La fin du droit au chômage en cas de démission

C'est un véritable séisme que nous n'avions pas vu venir en matière sociale.

Dans le cadre du vote de la loi "mesures d'urgence relatives au fonctionnement du marché du travail en vue du plein emploi", les députés ont instauré un amendement modifiant profondément le régime de l'abandon de poste :

Jusqu'à aujourd'hui :

Le salarié ne se rendant plus à son poste de travail était, après un ou deux courriers recommandés de mise en demeure de reprendre son poste , licencié pour faute grave et ses documents de fin de contrat lui étaient envoyés par lettre recommandée.

Il avait droit :

  • au bénéfice de l'indemnisation pôle emploi, plus communément appelé "chômage"

  • à la portabilité de la mutuelle

Demain :

Le salarié absent de son poste de travail pourra faire l'objet de ce qu'on pourrait appeler "une prise d'acte de la démission" de la part de l'employeur.

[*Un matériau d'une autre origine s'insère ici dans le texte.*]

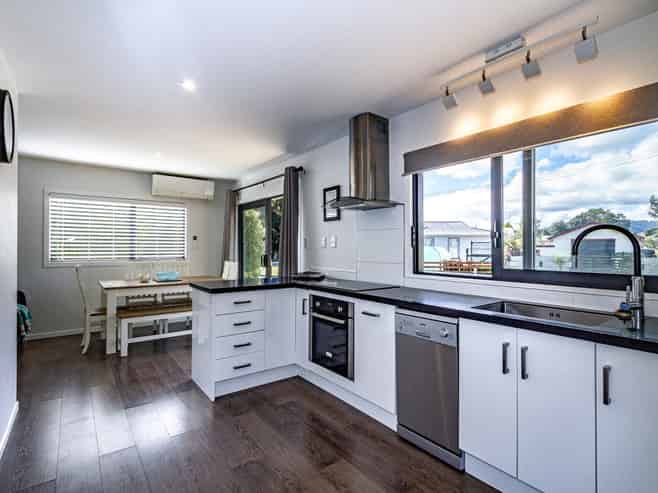 31B Moore Street, Ohakune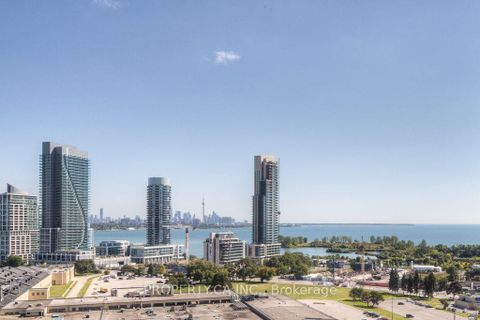 Photo 43 at 1215 - 88 Park Lawn Road, Mimico, Toronto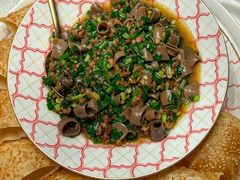 -迦南苑·新派青岛菜·生日纪念日主题餐厅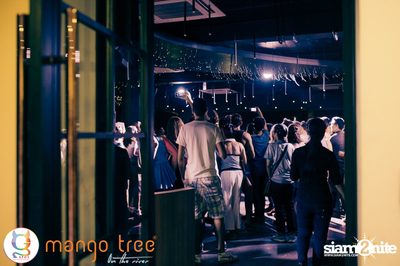 Special G-Spot Night Party at Mango Tree on the River — photo 1
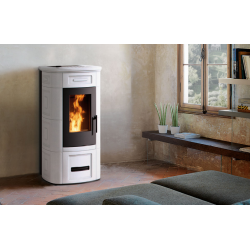 Cuptor incorporabil Bosch HBG633NW1, 10 functii, 71 l, Electric, Convectie, Grill, Clasa A+, Alb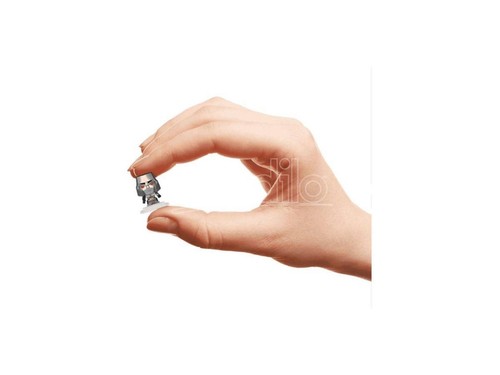 Retro Toys Bitty Pop! Vinile Figura 4-pack Transformers 2,5 Cm Funko - Imagen 2 de 4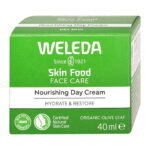 Weleda Skin Food Day Face Cream for Moisturizing & Regeneration 40ml - Image 2
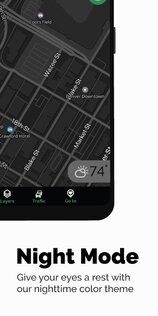 MapQuest 4.9.0. Скриншот 5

Il n'aura plus le droit à rien une fois la rupture de contrat de travail établie !

Le seul garde-fou dans le projet d'amendement est la possibilité de "saisir le conseil de prud'hommes" qui "statue au fond dans un délai d'un mois suivant sa saisine" dans le cas où le salarié souhaiterait contester la rupture de son contrat de travail.

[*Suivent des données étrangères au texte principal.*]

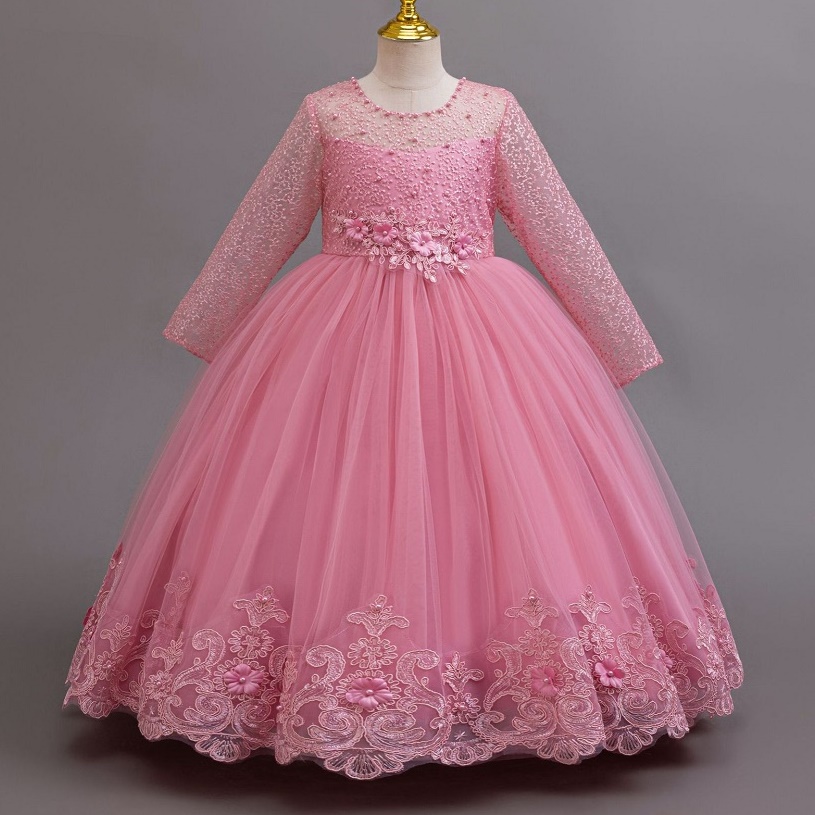 girls dress Long dresses for g - Women'S Formal Wear For Girls review and price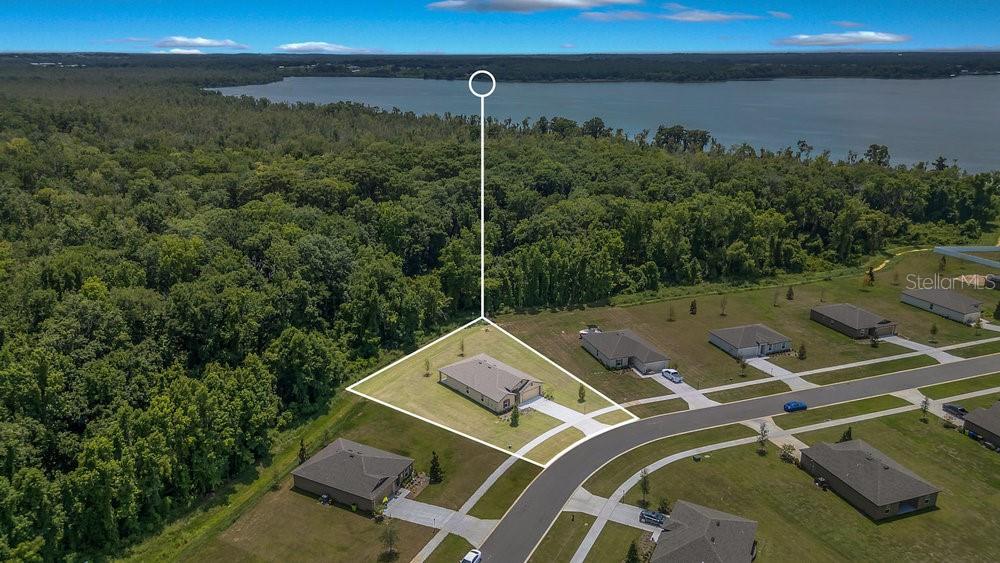 COLINA DEL LAGO - Residential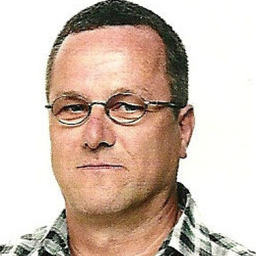 Peter Gebel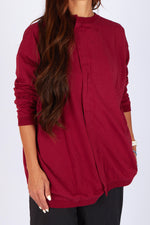 Rundholz Black Label Top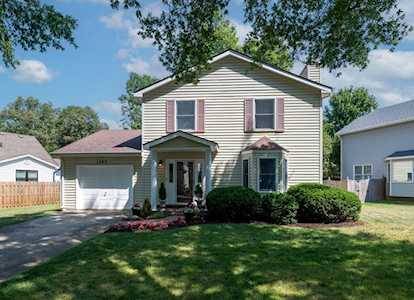 1793 Farmview Dr Lexington, KY 40515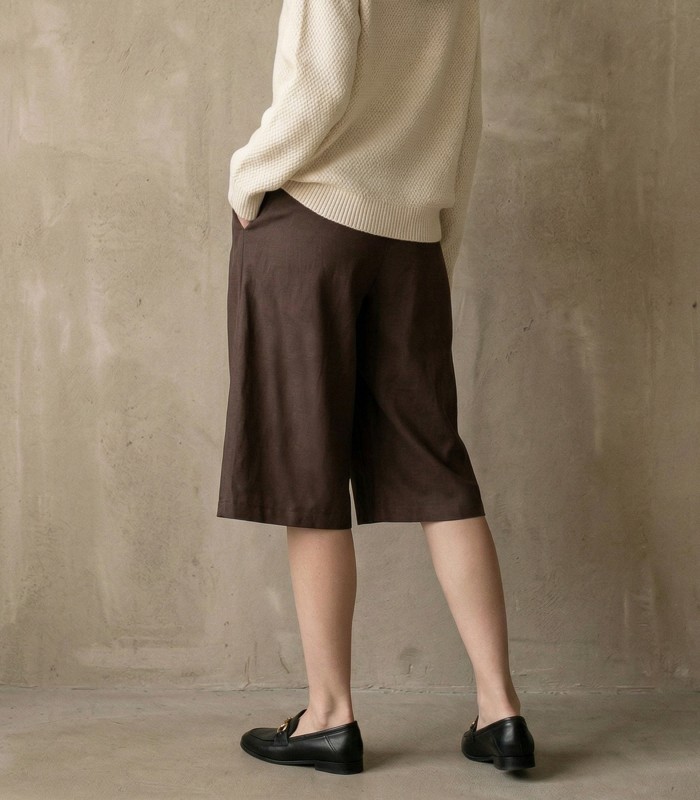 Hailys moteriški šortai SU44SA SH*01 (5)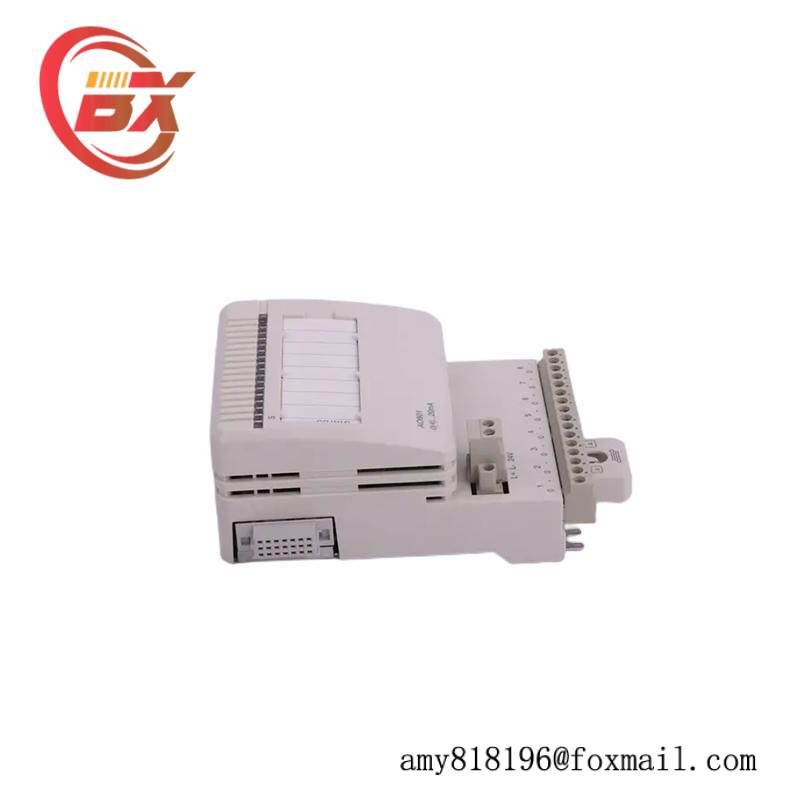 ABB 3BHE037864R0106: Precision Voltage Measurement Module, Industrial Automation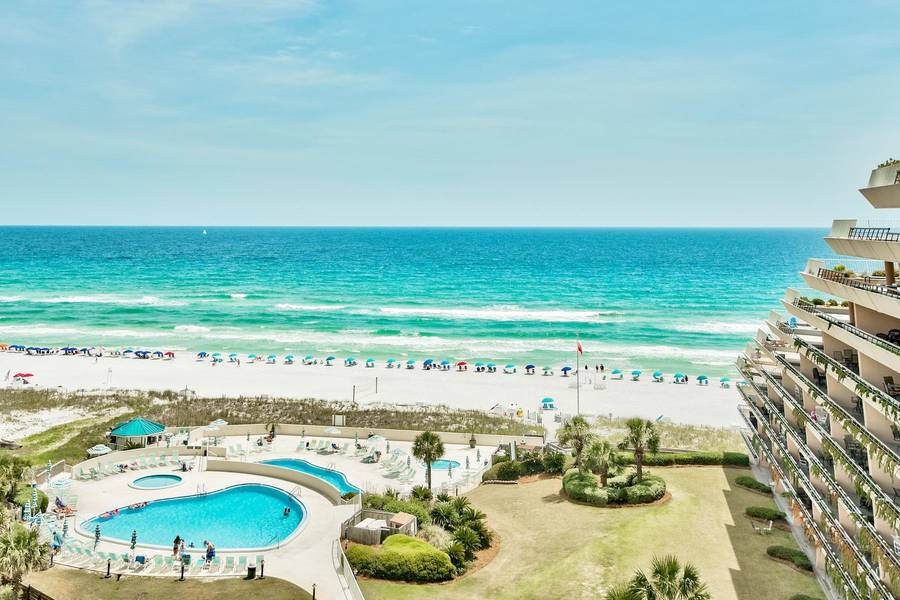 291 Scenic Gulf Drive  #UNIT 1004, Miramar Beach, FL 32550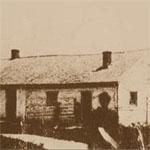 The First Fort Union
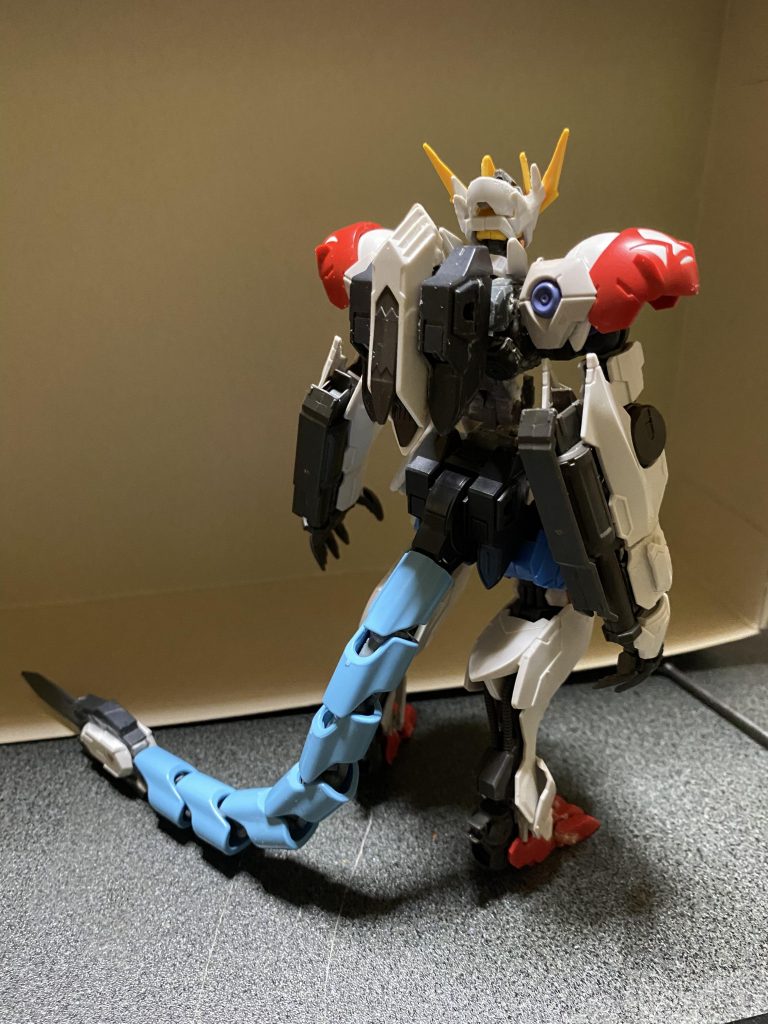 取り敢えず、前のがこんな感じになりましたと言うのだけ、アップします。キチンと完成したら、また写真をアップしますので、下手ではありますが、宜しくお願いします。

C'était déjà le régime applicable à la prise d'acte de la rupture du contrat de travail de la part du salarié, mais ce délai d'un mois pour juger n'était jamais tenu, ce sera pareil ici.

Synthèse :

Tout le monde s'accordait bien à dire que le système actuel était loin d'être satisfaisant. En effet, en cas d'abandon de poste, le salarié n'avait aucune garantie d'être licencié rapidement et pouvait rester plusieurs mois sans ressources financières (pas de salaires et pas de chômage). C'est pour cette raison qu'à CSE CONNECT, nous déconseillions aux salariés de forcer une rupture de contrat de travail de cette manière.

Cependant, dans les grosses entreprises avec des process RH bien rôdés, c'était l'assurance de pouvoir banquer ses deux années de chômage à terme (trois années pour les plus de 55 ans). Dans une PME, c'était plus risqué, mais plus l'employeur attendait pour licencier, plus il se mettait à risque prud'homalement.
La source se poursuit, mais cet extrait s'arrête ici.